-------- Given information --------

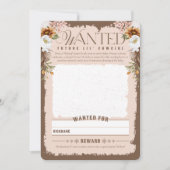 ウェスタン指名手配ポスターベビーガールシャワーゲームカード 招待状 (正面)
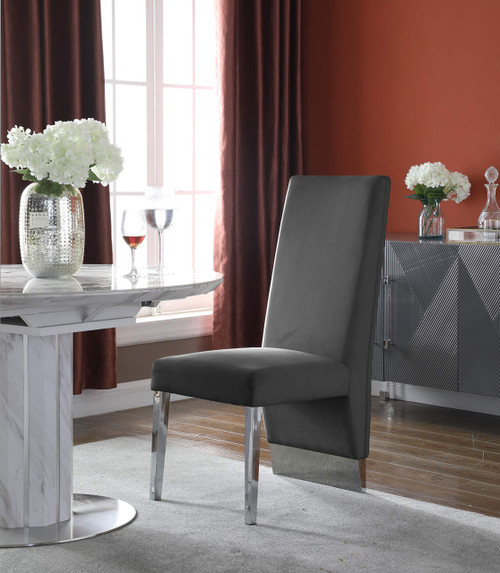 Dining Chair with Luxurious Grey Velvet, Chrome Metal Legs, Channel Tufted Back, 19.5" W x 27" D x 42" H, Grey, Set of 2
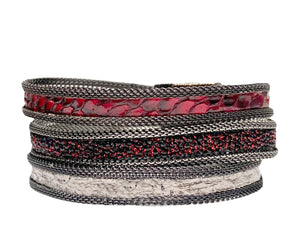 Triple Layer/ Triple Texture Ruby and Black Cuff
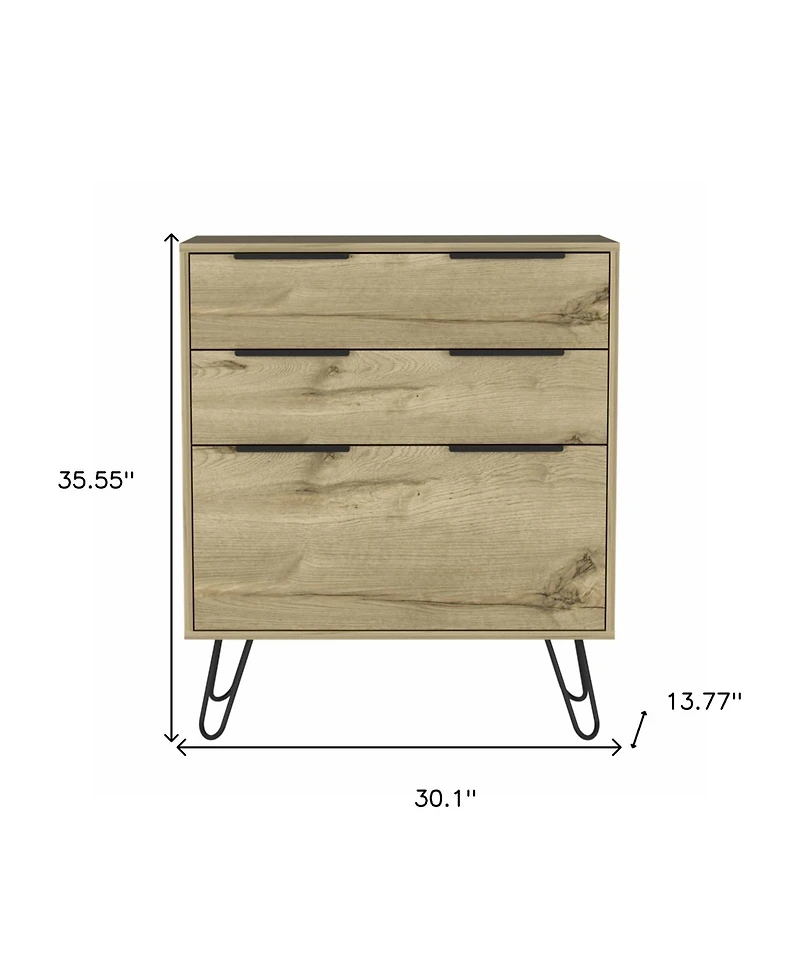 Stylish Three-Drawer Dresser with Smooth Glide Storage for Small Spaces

--------

* Exercise description: Reproduce all of the data exactly, omitting each picture it holds.

* Output of the exercise:
 ウェスタン指名手配ポスターベビーガールシャワーゲームカード 招待状 (正面)
 Dining Chair with Luxurious Grey Velvet, Chrome Metal Legs, Channel Tufted Back, 19.5" W x 27" D x 42" H, Grey, Set of 2
 Triple Layer/ Triple Texture Ruby and Black Cuff
 Stylish Three-Drawer Dresser with Smooth Glide Storage for Small Spaces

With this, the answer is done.